The most difficult thing about our dietary choices of late has been our son. He has never been a really picky eater. He ate a mostly vegan diet until we ended up with half a cow in our freezer, and even now it's really a plant BASED diet. He's never had anything but french fries and Sprite from any of the big name fast food chains. Moe's is a different story. He can pack away some Moe's Power Wagons (no meat, only beans) and would do so everyday if allowed to. He eats fish because he likes it. He loves broccoli and carrots and raw green beans with hummus. Unfortunately for us, he's growing up. He has peer influences now. He eats lunch with his PreK class right before he gets picked up, so he has what all his classmates eat for lunch on his brain when I pick him up from school. He watches mindless drivel on television sometimes, too...complete with commercials showing the "prizes" you get for ordering a "meal" of pink slime and hydrogenated oil in a box. I can't shelter him forever, I can only explain that while other people may eat that way, I would prefer it if he didn't because those aren't necessarily the most healthy choices for a little heart warrior. I don't want to tell him he CAN'T eat certain things for fear of retribution by cholesterol consumption. I also don't want him to feel singled out in a group. He has certain things he prefers to eat, and now he's starting to voice his opinion about things he doesn't want to eat and starting to say "Ewww" about things he's never even tried. I'm trying really hard to remain balanced and teach him why certain things make better choices than other things while giving him the freedom to make smart decisions on his own. I always try to lead by example; I can only hope that I'm the type of person my kid looks up to enough to emulate.

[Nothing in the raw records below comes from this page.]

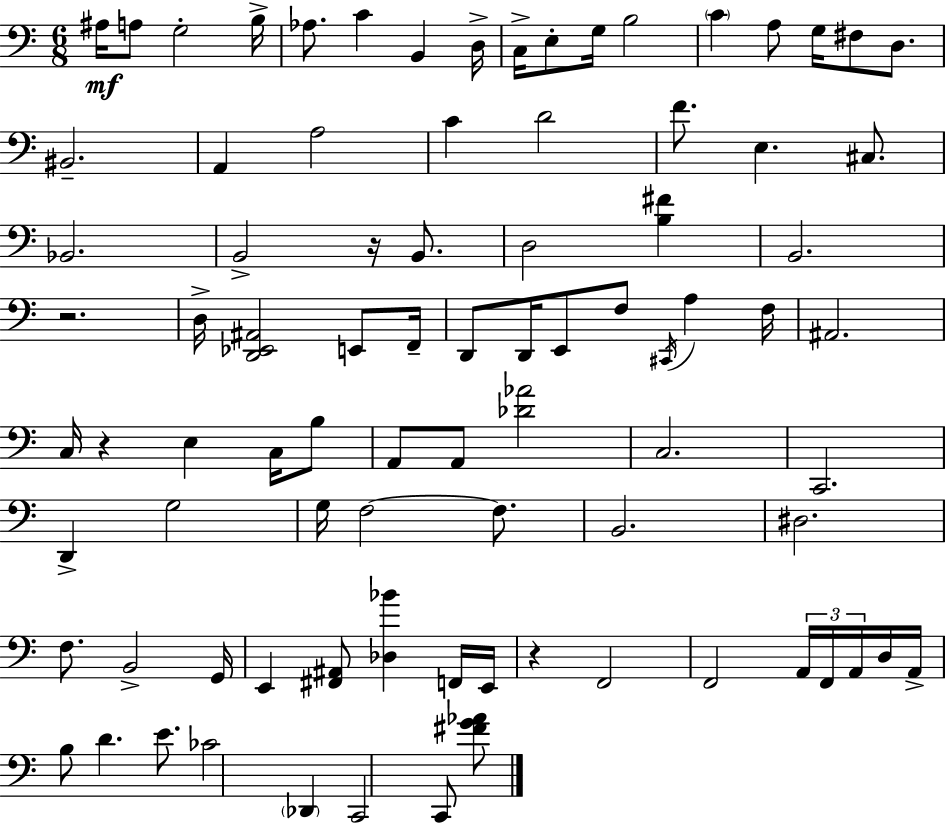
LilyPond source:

{
  \clef bass
  \numericTimeSignature
  \time 6/8
  \key c \major
  ais16\mf a8 g2-. b16-> | aes8. c'4 b,4 d16-> | c16-> e8-. g16 b2 | \parenthesize c'4 a8 g16 fis8 d8. | \break bis,2.-- | a,4 a2 | c'4 d'2 | f'8. e4. cis8. | \break bes,2. | b,2-> r16 b,8. | d2 <b fis'>4 | b,2. | \break r2. | d16-> <d, ees, ais,>2 e,8 f,16-- | d,8 d,16 e,8 f8 \acciaccatura { cis,16 } a4 | f16 ais,2. | \break c16 r4 e4 c16 b8 | a,8 a,8 <des' aes'>2 | c2. | c,2. | \break d,4-> g2 | g16 f2~~ f8. | b,2. | dis2. | \break f8. b,2-> | g,16 e,4 <fis, ais,>8 <des bes'>4 f,16 | e,16 r4 f,2 | f,2 \tuplet 3/2 { a,16 f,16 a,16 } | \break d16 a,16-> b8 d'4. e'8. | ces'2 \parenthesize des,4 | c,2 c,8 <fis' g' aes'>8 | \bar "|."
}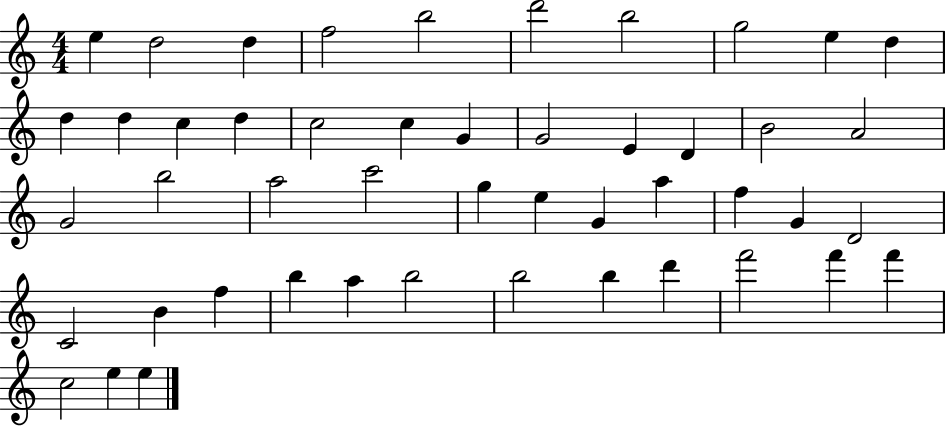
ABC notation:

X:1
T:Untitled
M:4/4
L:1/4
K:C
e d2 d f2 b2 d'2 b2 g2 e d d d c d c2 c G G2 E D B2 A2 G2 b2 a2 c'2 g e G a f G D2 C2 B f b a b2 b2 b d' f'2 f' f' c2 e e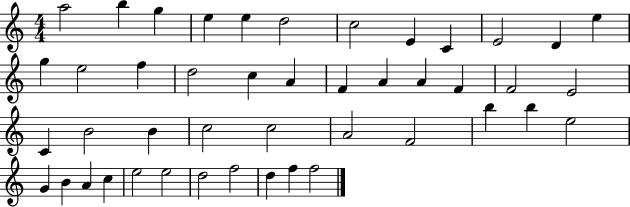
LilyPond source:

{
  \clef treble
  \numericTimeSignature
  \time 4/4
  \key c \major
  a''2 b''4 g''4 | e''4 e''4 d''2 | c''2 e'4 c'4 | e'2 d'4 e''4 | \break g''4 e''2 f''4 | d''2 c''4 a'4 | f'4 a'4 a'4 f'4 | f'2 e'2 | \break c'4 b'2 b'4 | c''2 c''2 | a'2 f'2 | b''4 b''4 e''2 | \break g'4 b'4 a'4 c''4 | e''2 e''2 | d''2 f''2 | d''4 f''4 f''2 | \break \bar "|."
}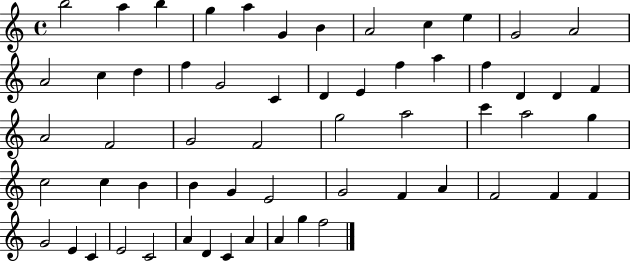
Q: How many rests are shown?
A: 0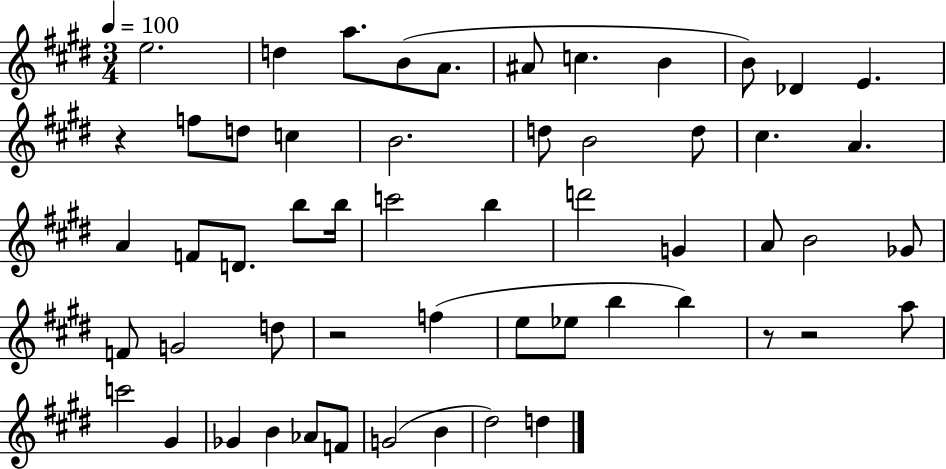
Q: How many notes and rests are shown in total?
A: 55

So where are we now? As a matter of fact, it's Thanksgiving Day. Everyone else at my house (including the dog) is asleep, with a belly full of organically raised, heritage breed turkey and all the wonderful, organic plant based sides that we had with it. This morning we all got up really early, not to put the turkey in the oven (heritage breed turkeys don't take nearly as long to cook as commercially farmed broad-breasted, hormone- and antibiotic-injected, never see the sun or know exercise turkeys), but to cheer on my husband at his first 5k race in over twenty years. He's run two half-marathons this year, and a 200-mile relay race, and a 7-mile trail race. Today was his first venture back into the realm of a more speedy race (due to the shorter distance--it takes me three miles to warm up, for crying out loud). He placed sixth overall and first in his age division. He has struggled to find his own personal "food freak" balance, and he has struggled to find a good food balance within our family. I think his efforts have reaped some mighty fine rewards. He looks amazing.
Today, mostly, I'm going to be thankful that I have the stock going, that I have the garage and freezer shelves lined with organic vegetables and jams made and canned by me, that I have an amazing family and wonderful friends with whom to share all the goodness, and I have a healthy husband and healthy son that I love more than anything else--including turkey...and yes, running too.